Water absorbed within the stone froze, expanded and crazed the matrix composition of the stone. This left a completely porous stone rather than the designed semi-permeable composition. (Didn’t Tim just say all that?)

It’s probably ruined as a water stone since a surface slurry is no longer possible. Before discarding, try using it as an oil stone.

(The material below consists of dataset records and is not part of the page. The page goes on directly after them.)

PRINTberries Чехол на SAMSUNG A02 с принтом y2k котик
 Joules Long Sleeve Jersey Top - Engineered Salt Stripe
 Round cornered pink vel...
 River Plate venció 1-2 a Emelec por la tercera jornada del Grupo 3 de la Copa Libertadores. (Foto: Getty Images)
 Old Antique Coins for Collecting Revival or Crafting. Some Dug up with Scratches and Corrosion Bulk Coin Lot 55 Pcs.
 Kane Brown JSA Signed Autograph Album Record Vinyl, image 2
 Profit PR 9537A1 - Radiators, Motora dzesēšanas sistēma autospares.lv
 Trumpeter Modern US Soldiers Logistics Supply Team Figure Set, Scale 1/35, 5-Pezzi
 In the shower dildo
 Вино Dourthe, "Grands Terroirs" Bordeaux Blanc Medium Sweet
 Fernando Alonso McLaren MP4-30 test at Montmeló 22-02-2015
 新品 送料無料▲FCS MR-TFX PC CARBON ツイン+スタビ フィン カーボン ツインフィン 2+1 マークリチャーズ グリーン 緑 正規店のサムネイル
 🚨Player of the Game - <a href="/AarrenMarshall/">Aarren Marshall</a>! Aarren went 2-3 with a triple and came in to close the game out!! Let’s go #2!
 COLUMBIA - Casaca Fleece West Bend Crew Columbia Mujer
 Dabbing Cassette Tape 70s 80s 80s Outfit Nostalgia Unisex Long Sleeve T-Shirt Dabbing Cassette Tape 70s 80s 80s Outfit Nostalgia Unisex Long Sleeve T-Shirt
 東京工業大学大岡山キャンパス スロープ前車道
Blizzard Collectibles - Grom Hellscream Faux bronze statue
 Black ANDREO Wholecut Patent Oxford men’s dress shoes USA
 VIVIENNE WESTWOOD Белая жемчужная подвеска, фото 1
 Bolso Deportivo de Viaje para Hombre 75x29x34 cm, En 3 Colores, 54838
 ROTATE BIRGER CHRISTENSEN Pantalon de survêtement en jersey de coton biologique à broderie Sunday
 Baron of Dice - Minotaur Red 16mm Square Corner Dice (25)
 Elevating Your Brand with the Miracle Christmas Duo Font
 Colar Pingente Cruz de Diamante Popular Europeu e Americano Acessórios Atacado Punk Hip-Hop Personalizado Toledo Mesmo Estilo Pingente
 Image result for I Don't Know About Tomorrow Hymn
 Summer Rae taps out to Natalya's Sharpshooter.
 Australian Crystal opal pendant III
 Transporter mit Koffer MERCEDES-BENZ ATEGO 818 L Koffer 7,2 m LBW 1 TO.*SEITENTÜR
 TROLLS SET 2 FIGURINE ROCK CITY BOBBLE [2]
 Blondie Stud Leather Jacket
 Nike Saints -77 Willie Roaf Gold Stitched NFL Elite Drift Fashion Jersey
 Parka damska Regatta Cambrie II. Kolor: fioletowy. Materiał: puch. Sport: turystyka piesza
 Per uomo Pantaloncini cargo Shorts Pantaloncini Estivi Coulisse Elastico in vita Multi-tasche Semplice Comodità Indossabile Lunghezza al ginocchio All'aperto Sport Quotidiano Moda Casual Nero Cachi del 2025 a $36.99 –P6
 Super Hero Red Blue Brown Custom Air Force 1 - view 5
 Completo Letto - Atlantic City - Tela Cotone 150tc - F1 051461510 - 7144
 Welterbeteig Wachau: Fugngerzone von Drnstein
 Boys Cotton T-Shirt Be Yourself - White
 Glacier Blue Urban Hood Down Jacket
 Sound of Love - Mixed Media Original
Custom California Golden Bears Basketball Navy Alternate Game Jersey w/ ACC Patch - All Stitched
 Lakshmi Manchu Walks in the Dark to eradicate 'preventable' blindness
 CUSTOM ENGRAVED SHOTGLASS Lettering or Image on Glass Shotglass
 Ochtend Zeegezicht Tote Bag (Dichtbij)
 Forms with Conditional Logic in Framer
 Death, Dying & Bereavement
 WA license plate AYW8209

-- Jim Baldwin/[email protected]

View Goodsh's profile


92 posts in 2978 days

#10 posted 02-15-2014 02:29 AM

I’m in Canada (Calgary, Alberta). I think Jim and Tim nailed it. This sucker is toast. As a waterstone anyway. Maybe it has new life as an oil stone. Or a paper weight. I’ve had the stone in the garage lots in the winter and it was in the house for a day before I took it out this time (in a plastic case with holes in it) but the last week or two have been steadily below -20C so I guess a combo of extreme cold and not quite being dry. It looks perfectly fine but it’s totally porous and will not hold water. Nice tip on trying it as an oil stone Jim. Not sure I want to bother though as it seems like it might be a pain to switch from water to oil for sharpening one tool.

65 bucks for that lesson…

View ColonelTravis's profile


1976 posts in 2952 days

#11 posted 02-15-2014 03:21 AM

Ron Hock’s book doesn’t mention a stone freezing, but if you let the water freeze with the stone in it you will “thaw out a couple pounds of expensive gravel.” So I guess there’s not much of a difference there.

It’s not -20C where I am (that is insane!) but cold enough that I’m paranoid keeping stones in the garage, therefore they always stay in the house.

Sorry about the loss, brother, I’ve had worse lessons.